Generator of cocircuits of a matrix.

INPUT: - matrix – a matrix - prevent_multiples – a boolean (default: True) - reverse – a boolean (default: False)

OUTPUT: A generator of the cocircuits of this matrix. These are the nonzero support-minimal elements in the row space.

EXAMPLES:

sage: from elementary_vectors.functions import cocircuit_generator
sage: M = matrix([[1, 2, 0, 0], [0, 1, 2, 3]])
sage: M
[1 2 0 0]
[0 1 2 3]
sage: list(cocircuit_generator(M))
[(0, -1, -2, -3), (1, 0, -4, -6), (2, 4, 0, 0)]
sage: list(cocircuit_generator(M, reverse=True))
[(3, 6, 0, 0), (1, 0, -4, -6), (0, -1, -2, -3)]
elementary_vectors.functions.cocircuits(matrix: matrix, prevent_multiples: bool = True) List[vector]
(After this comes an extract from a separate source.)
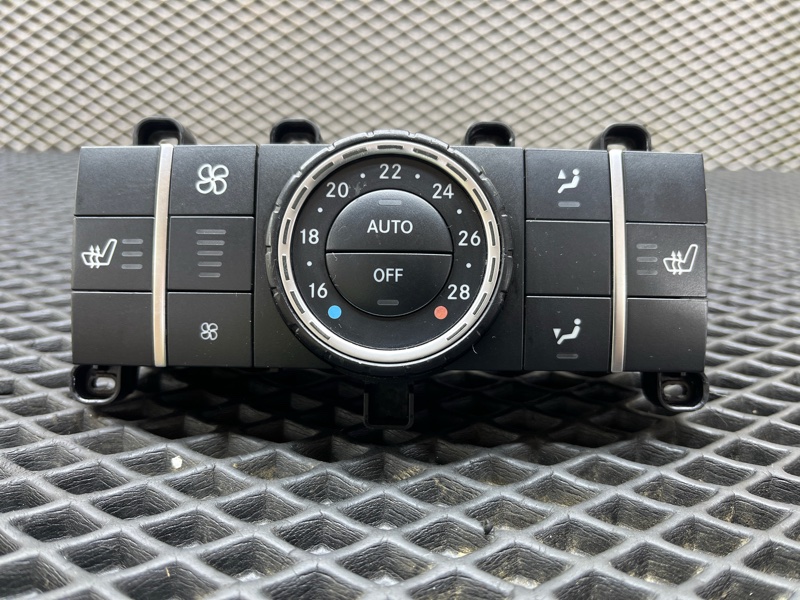 Блок управления климат-контролем, 2500 рублей, Ховрино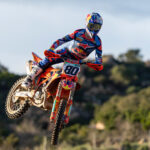 732981_02_Red Bull KTM_MXGP_Adamo_Team Shoot_2026 _13_Photo_Red Bull KTM Factory Racing AT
Compute the cocircuits of a matrix.

INPUT: - matrix – a matrix - prevent_multiples – a boolean (default: True)

OUTPUT: Return the cocircuits of this matrix. These are the nonzero support-minimal elements in the row space.

See also

EXAMPLES:

sage: from elementary_vectors import *
sage: M = matrix([[1, 2, 0, 0], [0, 1, 2, 3]])
sage: M
[1 2 0 0]
[0 1 2 3]
sage: cocircuits(M)
[(0, -1, -2, -3), (1, 0, -4, -6), (2, 4, 0, 0)]
sage: cocircuits(M, prevent_multiples=False)
[(0, -1, -2, -3), (1, 0, -4, -6), (2, 4, 0, 0), (3, 6, 0, 0)]
elementary_vectors.functions.degenerate_circuits(matrix: matrix) list[vector]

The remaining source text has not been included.